The FCX concept comes when about 65 per cent of Americans believe the US Government should make a major funding commitment to transform the automotive industry from a petrol- and diesel-based system to a hydrogen-based system.
Fifty-nine per cent identified hydrogen-powered vehicles as those with the best chance for long-term success, compared with 23 per cent for hybrids and 18 per cent for traditional petrol-powered engines.
The poll revealed that there was a major gap between public perceptions of the efforts of America's big three carmakers to develop energy-efficient vehicles and their record and accomplishments in this area.
GM and Ford were named most often as the carmakers doing the worst job developing energy-efficient vehicles, while Honda and Toyota were seen as doing the best job.
Honda and Toyota have been selling fuel-saving petrol-electric hybrids in the US for about five years, while Detroit's carmakers began only last year, when Ford sold its first Escape hybrid SUV.
For the FCX Tokyo show car, Honda halved the size of the fuel-cell stack and doubled the hydrogen stored in on-board tanks, which gives the FCX a range of 560km on 5kg of hydrogen. The hydrogen is stored at pressures of around 5000psi.
Honda says the smaller fuel-cell stack is easier and cheaper to make and reduces the number of necessary components by 50 per cent. It also provides improved cold weather performance, vital to the success of the fuel-cell.
Fuel cells are seen as a green alternative to the internal combustion engine.
They create electricity by passing hydrogen through a membrane, a thin sheet of special plastic.
When hydrogen passes through it, electrons are stripped off, generating electricity.
A separator divides the serially connected membranes, acting as a pathway for the electrons.
Water is the only emission if pure hydrogen is the fuel. But cold temperatures make fuel cells difficult to start. Cold reduces efficiency and may freeze a fuel cell.
The Jazz-based FCX fuel cell car operates below the freezing temperature of water (minus 20C).
Honda says the fuel-cell in the FCX concept operates at much colder temperatures, although it declines to be specific.
The aim is to produce a fuel-cell car that works at minus 30C, or comparable to one powered by an internal combustion engine.
"Without an improvement to run at minus 30C, we can't expand the use of fuel cell cars all over the world," says Yozo Kami, executive chief engineer of Honda's research division.
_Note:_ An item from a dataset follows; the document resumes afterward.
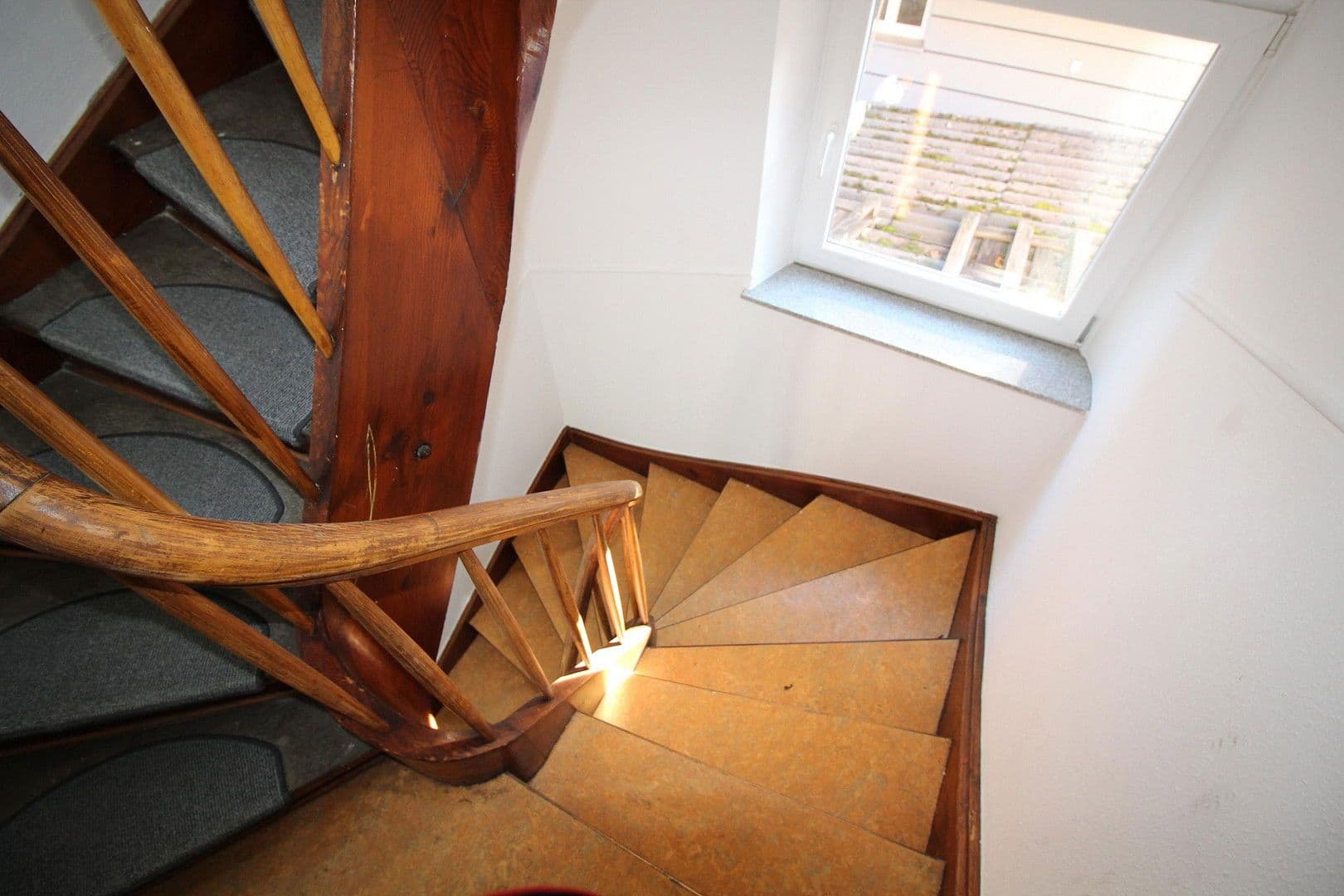 Prenájom bytu 3-izbový 48 m², Stuttgart, Bádensko-Wurttembersko Prenájom bytu 3-izbový 48 m², Stuttgart, Bádensko-Wurttembersko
The FCX concept uses three electric motors for the drive train: one producing 50kW in the front and two delivering 25kW each in the rear, driving all four wheels.
Says Honda: "The efficient delivery of this power and the low centre of gravity platform combine to deliver torque performance and agile handling."
"The space-efficient layout also contributes to the interior efficiency of the low-floor design, eliminating the need to use floor space for motors."
Honda calls its low-floor design the "3V" system: vertical gas flow, vertebral layout, and volume-efficient packaging.
"In the 3V scheme, oxygen and hydrogen flow from the top to the bottom of the fuel cell stack (vertical gas flow) and the fuel cells are arranged vertically in the centre tunnel (vertebral layout) for new, high-efficiency fuel-cell packaging (volume efficiency)," it says.
"Compact enough to fit neatly into the centre tunnel but robust enough to deliver 100kW (135bhp) of power, the V flow fuel-cell stack offers both space efficiency and high energy output.
"The key to fuel-cell performance is water management. With vertical gas flow, an innovative process in which oxygen and hydrogen flow downward through the stack, the new fuel-cell stack takes full advantage of gravity to efficiently discharge water formed during electricity generation."
Both 25kW rear motors are housed in the car's wheels. This frees up space between the wheels for the hydrogen storage tanks.